** Opening Raw data block **
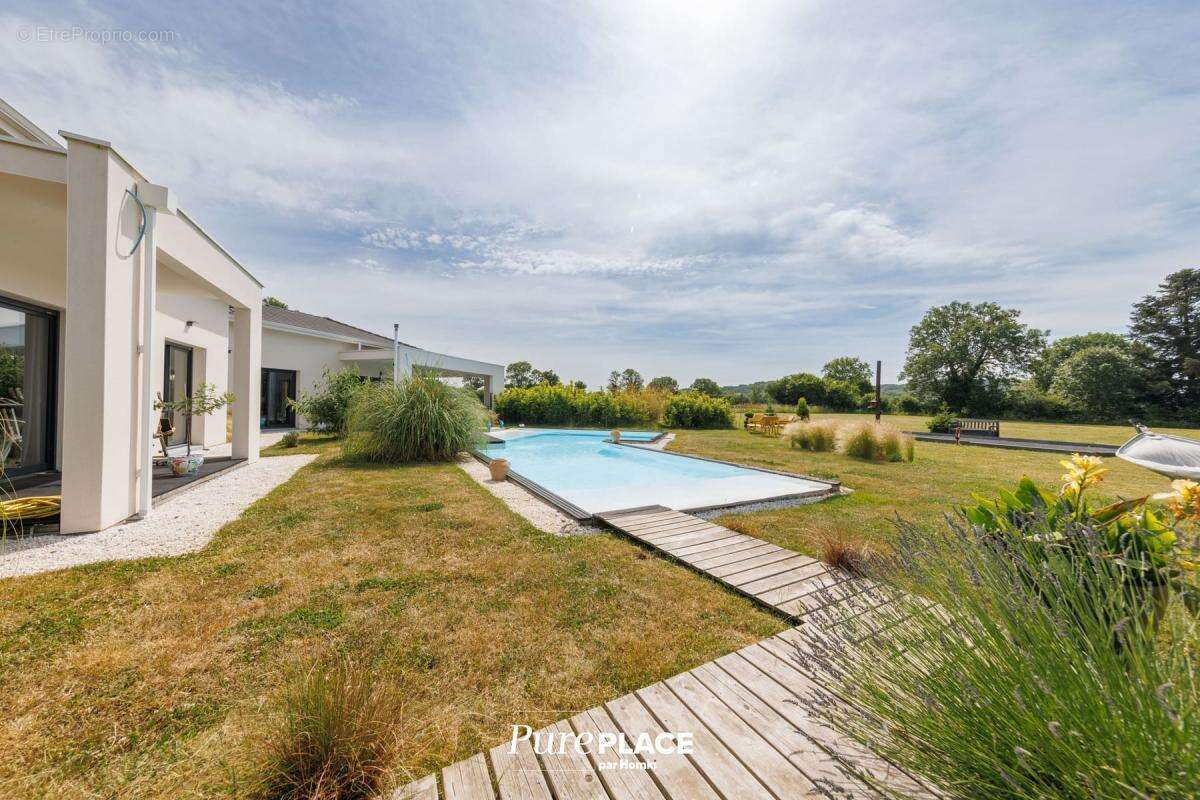 Villa d’architecte contemporaine avec piscine chauffée et vues sur le Puy de Dôme et le Sancy - photo 30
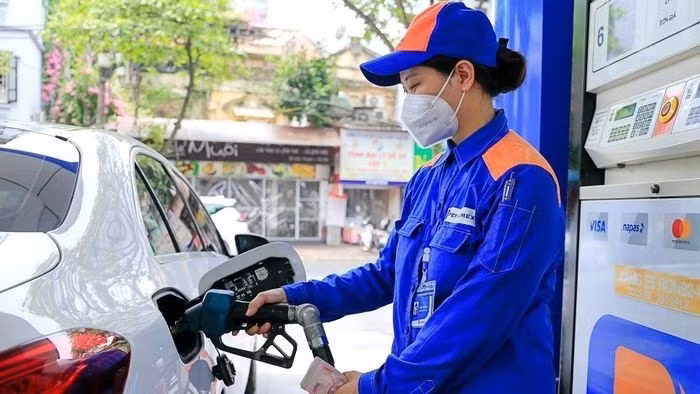Giá xăng tăng lần thứ ba liên tiếp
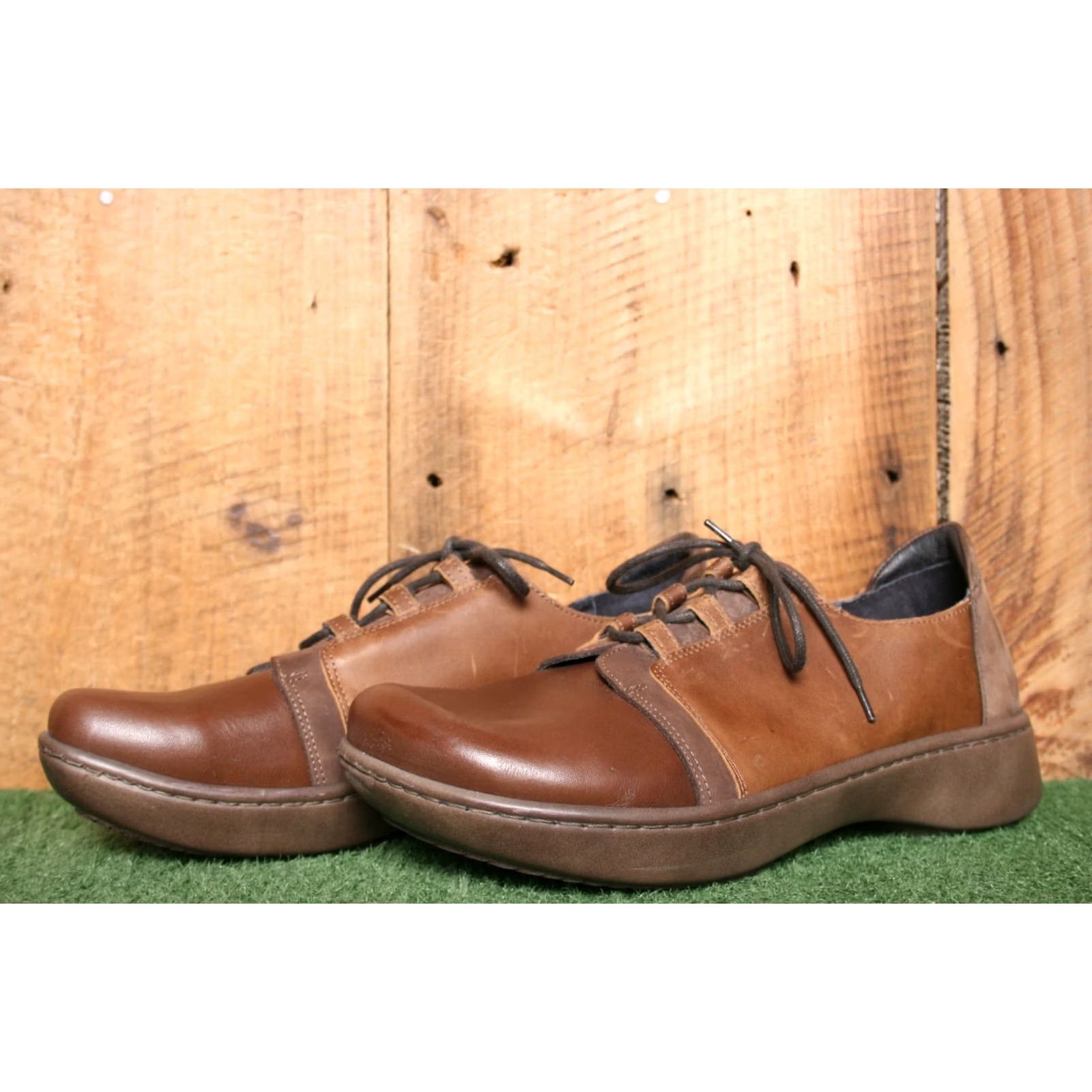 Vintage NAOT Riviera Brown Leather Oxford Womens US 10 EUR 41 Casual Lace Up Shoes Size ONE SIZE - 2 Thumbnail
** Closing Raw data block **
Work item:
Would you repeat the complete listing exactly, excluding each picture it holds?

Task response:
 Villa d’architecte contemporaine avec piscine chauffée et vues sur le Puy de Dôme et le Sancy - photo 30
Giá xăng tăng lần thứ ba liên tiếp
 Vintage NAOT Riviera Brown Leather Oxford Womens US 10 EUR 41 Casual Lace Up Shoes Size ONE SIZE - 2 Thumbnail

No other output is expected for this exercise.